→ **EXERCISE PROMPT**:
No picture belongs in the copy. Repeat each line below exactly.

→ **MATERIAL SUPPLIED**:
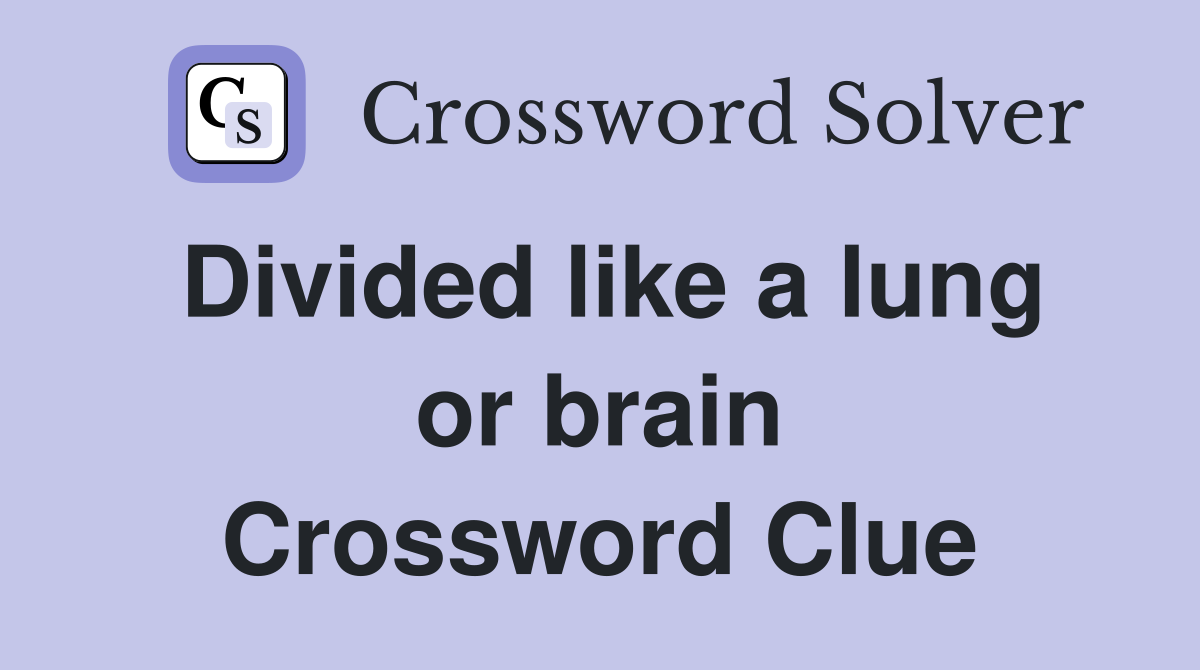 Divided like a lung or brain Crossword Clue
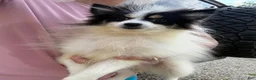 Pomsky dogs for sale: Trey - Ad 7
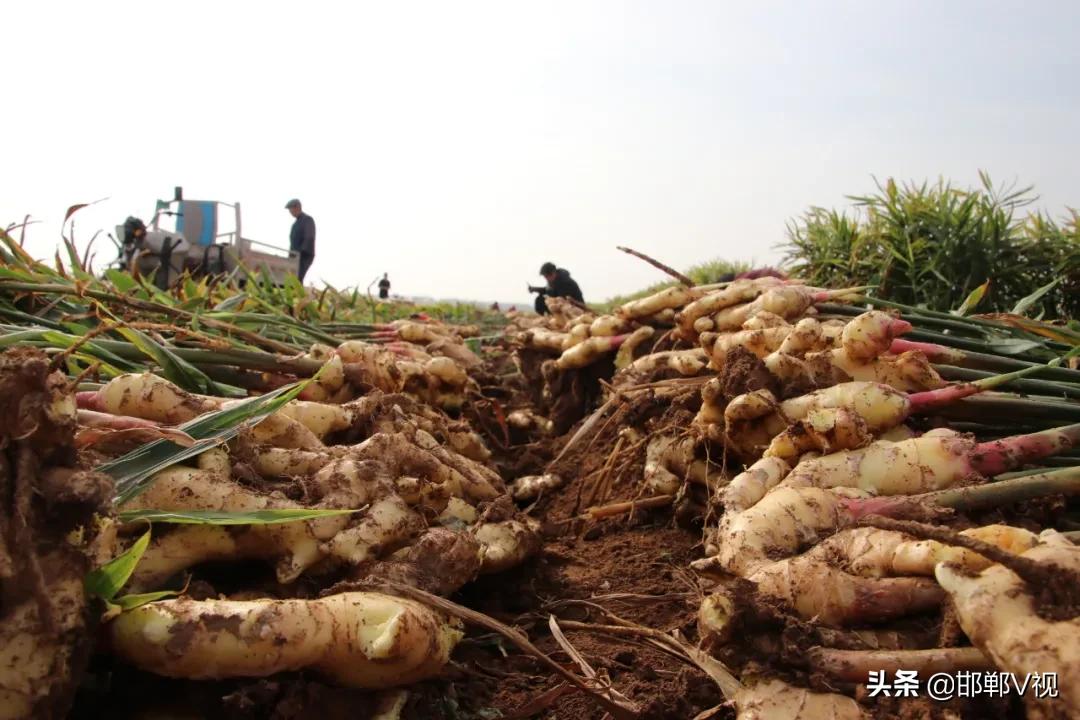 生姜种出脱贫致富路,生姜产业带动了地方经济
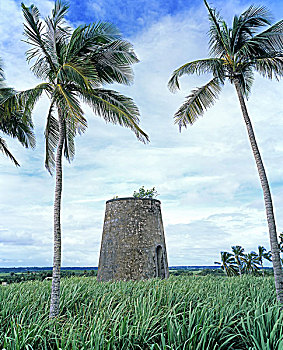 棕榈树,遗址,风车,瓜德罗普,法国,西印度群岛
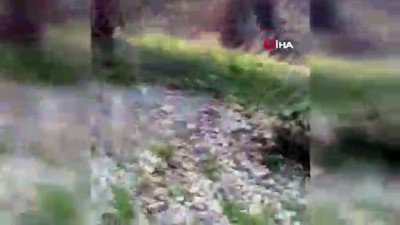 atak helikopter -  Cudi Dağı'nda PKK'ya ait 3 katlı mağara imha edildi  Videosu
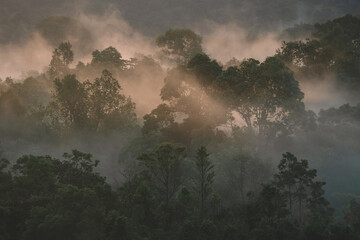 In the early morning, the tropical forest is cloaked in misty fog, as the sunrise paints the green landscape with nature's serene beauty and towering trees.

→ **FINISHED TASK**:
 Divided like a lung or brain Crossword Clue
 Pomsky dogs for sale: Trey - Ad 7
 生姜种出脱贫致富路,生姜产业带动了地方经济
 棕榈树,遗址,风车,瓜德罗普,法国,西印度群岛
 atak helikopter -  Cudi Dağı'nda PKK'ya ait 3 katlı mağara imha edildi  Videosu
 In the early morning, the tropical forest is cloaked in misty fog, as the sunrise paints the green landscape with nature's serene beauty and towering trees.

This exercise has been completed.